Apesar da história de Mel ser única, para as cineastas, representa os dilemas que a nossa sociedade vive. Acompanhando sua trajetória a gente vê um rastro do ultraconservadorismo e da violência conta uma determinada população. 

"A Mel é uma travesti defensora dos direitos humanos. Ela enfrenta todos os dias uma sociedade que oprime e desumaniza pessoas LGBTQIAP+. Muita gente se apoia nos discursos fundamentalistas de algumas igrejas para justificar a LGBTFOBIA. A gente costuma dizer que a Mel é uma outsider tanto no contexto da igreja e da religião com a qual ela se identifica, porque essa igreja não acolhe pessoas como ela,  quanto no contexto progressista que tem extrema dificuldade de dialogar com as religiões neo pentecostais, por exemplo."

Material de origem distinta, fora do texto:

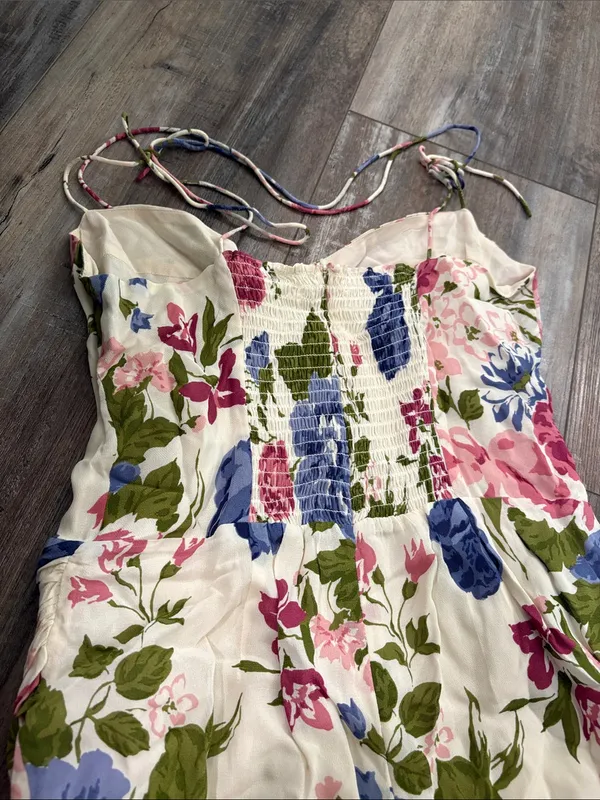 Reformation Kourtney Donna Dress size 8 - Image 15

A luta da Mel propõe um encontro entre esses dois mundos e as documentaristas creem que quando as pessoas conhecem essa história elas reavaliam seus papeis nesses contextos. "Então, enquanto diretoras lésbicas, a gente acredita que que só existe transformação através de intervenção. Acreditamos que esse filme propõe um diálogo com quem pensa que existem vidas que valem menos que outras e que se não contarmos essas histórias, se não existirmos nas telas, se não construirmos um imaginário diferente, uma memória dessas vidas, a gente não muda essa realidade. Quantas heroínas travestis existem no cinema brasileiro? Quantas travestis a gente conhece? Quantas frequentam a nossa casa? A Mel também está nesse lugar de representar uma população sub-representada no nosso imaginário e nas nossas telas."

Toda Noite Estarei Lá é lançado no Brasil pela Descoloniza Filmes.

Sinopse

Após sofrer uma agressão física por transfobia na igreja evangélica que frequentava, Mel Rosário, 58, reivindica seus direitos fazendo protestos em frente à igreja que a impede de frequentar os cultos. Enquanto luta por justiça, Mel encontra brechas para se reinventar e sobreviver no Brasil bolsonarista.